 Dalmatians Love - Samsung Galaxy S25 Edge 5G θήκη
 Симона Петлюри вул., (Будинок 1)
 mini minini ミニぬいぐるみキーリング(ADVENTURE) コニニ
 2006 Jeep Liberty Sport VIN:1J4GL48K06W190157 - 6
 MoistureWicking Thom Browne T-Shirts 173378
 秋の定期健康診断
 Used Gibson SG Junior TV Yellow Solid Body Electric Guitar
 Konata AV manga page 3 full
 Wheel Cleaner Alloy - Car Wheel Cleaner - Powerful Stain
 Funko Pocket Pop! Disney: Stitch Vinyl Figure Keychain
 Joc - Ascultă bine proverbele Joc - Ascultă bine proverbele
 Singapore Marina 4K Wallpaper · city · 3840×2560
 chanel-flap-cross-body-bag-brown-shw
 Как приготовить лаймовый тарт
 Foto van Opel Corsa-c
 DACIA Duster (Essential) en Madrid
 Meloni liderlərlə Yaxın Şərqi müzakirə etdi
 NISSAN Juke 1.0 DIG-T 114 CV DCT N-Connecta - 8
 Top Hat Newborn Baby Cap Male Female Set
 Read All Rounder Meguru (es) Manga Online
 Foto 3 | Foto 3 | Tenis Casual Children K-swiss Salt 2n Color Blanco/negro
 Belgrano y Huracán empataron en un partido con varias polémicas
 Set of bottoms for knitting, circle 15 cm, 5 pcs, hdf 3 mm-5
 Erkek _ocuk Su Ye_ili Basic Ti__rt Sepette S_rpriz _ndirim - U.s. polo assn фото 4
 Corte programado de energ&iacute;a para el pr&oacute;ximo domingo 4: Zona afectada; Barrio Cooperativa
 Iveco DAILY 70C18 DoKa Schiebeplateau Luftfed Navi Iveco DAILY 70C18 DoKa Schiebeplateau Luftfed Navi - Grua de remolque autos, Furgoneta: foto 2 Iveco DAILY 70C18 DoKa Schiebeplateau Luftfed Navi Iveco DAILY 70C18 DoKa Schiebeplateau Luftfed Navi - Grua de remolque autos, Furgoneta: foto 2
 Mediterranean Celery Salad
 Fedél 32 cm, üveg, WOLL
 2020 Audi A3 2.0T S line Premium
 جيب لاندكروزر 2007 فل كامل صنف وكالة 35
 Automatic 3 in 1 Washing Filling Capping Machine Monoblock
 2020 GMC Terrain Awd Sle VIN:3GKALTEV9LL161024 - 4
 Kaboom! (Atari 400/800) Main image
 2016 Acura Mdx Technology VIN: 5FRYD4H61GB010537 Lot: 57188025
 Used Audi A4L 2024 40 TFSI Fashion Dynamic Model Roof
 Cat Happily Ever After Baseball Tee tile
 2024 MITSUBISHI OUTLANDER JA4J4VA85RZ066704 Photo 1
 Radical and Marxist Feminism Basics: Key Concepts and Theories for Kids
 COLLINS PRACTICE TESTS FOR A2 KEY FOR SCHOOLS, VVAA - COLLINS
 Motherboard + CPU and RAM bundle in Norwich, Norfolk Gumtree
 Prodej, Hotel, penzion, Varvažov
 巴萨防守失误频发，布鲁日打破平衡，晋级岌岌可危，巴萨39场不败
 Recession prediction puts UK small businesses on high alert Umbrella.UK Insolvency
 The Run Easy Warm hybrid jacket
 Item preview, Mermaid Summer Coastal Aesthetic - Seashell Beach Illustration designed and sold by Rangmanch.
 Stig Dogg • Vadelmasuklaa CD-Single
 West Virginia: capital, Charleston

□ □ □ □

- _The task_
Having read the entries, repeat them all exactly.

- _Output of the exercise_
 Dalmatians Love - Samsung Galaxy S25 Edge 5G θήκη
 Симона Петлюри вул., (Будинок 1)
 mini minini ミニぬいぐるみキーリング(ADVENTURE) コニニ
 2006 Jeep Liberty Sport VIN:1J4GL48K06W190157 - 6
 MoistureWicking Thom Browne T-Shirts 173378
 秋の定期健康診断
 Used Gibson SG Junior TV Yellow Solid Body Electric Guitar
 Konata AV manga page 3 full
 Wheel Cleaner Alloy - Car Wheel Cleaner - Powerful Stain
 Funko Pocket Pop! Disney: Stitch Vinyl Figure Keychain
 Joc - Ascultă bine proverbele Joc - Ascultă bine proverbele
 Singapore Marina 4K Wallpaper · city · 3840×2560
 chanel-flap-cross-body-bag-brown-shw
 Как приготовить лаймовый тарт
 Foto van Opel Corsa-c
 DACIA Duster (Essential) en Madrid
 Meloni liderlərlə Yaxın Şərqi müzakirə etdi
 NISSAN Juke 1.0 DIG-T 114 CV DCT N-Connecta - 8
 Top Hat Newborn Baby Cap Male Female Set
 Read All Rounder Meguru (es) Manga Online
 Foto 3 | Foto 3 | Tenis Casual Children K-swiss Salt 2n Color Blanco/negro
 Belgrano y Huracán empataron en un partido con varias polémicas
 Set of bottoms for knitting, circle 15 cm, 5 pcs, hdf 3 mm-5
 Erkek _ocuk Su Ye_ili Basic Ti__rt Sepette S_rpriz _ndirim - U.s. polo assn фото 4
 Corte programado de energ&iacute;a para el pr&oacute;ximo domingo 4: Zona afectada; Barrio Cooperativa
 Iveco DAILY 70C18 DoKa Schiebeplateau Luftfed Navi Iveco DAILY 70C18 DoKa Schiebeplateau Luftfed Navi - Grua de remolque autos, Furgoneta: foto 2 Iveco DAILY 70C18 DoKa Schiebeplateau Luftfed Navi Iveco DAILY 70C18 DoKa Schiebeplateau Luftfed Navi - Grua de remolque autos, Furgoneta: foto 2
 Mediterranean Celery Salad
 Fedél 32 cm, üveg, WOLL
 2020 Audi A3 2.0T S line Premium
 جيب لاندكروزر 2007 فل كامل صنف وكالة 35
 Automatic 3 in 1 Washing Filling Capping Machine Monoblock
 2020 GMC Terrain Awd Sle VIN:3GKALTEV9LL161024 - 4
 Kaboom! (Atari 400/800) Main image
 2016 Acura Mdx Technology VIN: 5FRYD4H61GB010537 Lot: 57188025
 Used Audi A4L 2024 40 TFSI Fashion Dynamic Model Roof
 Cat Happily Ever After Baseball Tee tile
 2024 MITSUBISHI OUTLANDER JA4J4VA85RZ066704 Photo 1
 Radical and Marxist Feminism Basics: Key Concepts and Theories for Kids
 COLLINS PRACTICE TESTS FOR A2 KEY FOR SCHOOLS, VVAA - COLLINS
 Motherboard + CPU and RAM bundle in Norwich, Norfolk Gumtree
 Prodej, Hotel, penzion, Varvažov
 巴萨防守失误频发，布鲁日打破平衡，晋级岌岌可危，巴萨39场不败
 Recession prediction puts UK small businesses on high alert Umbrella.UK Insolvency
 The Run Easy Warm hybrid jacket
 Item preview, Mermaid Summer Coastal Aesthetic - Seashell Beach Illustration designed and sold by Rangmanch.
 Stig Dogg • Vadelmasuklaa CD-Single
 West Virginia: capital, Charleston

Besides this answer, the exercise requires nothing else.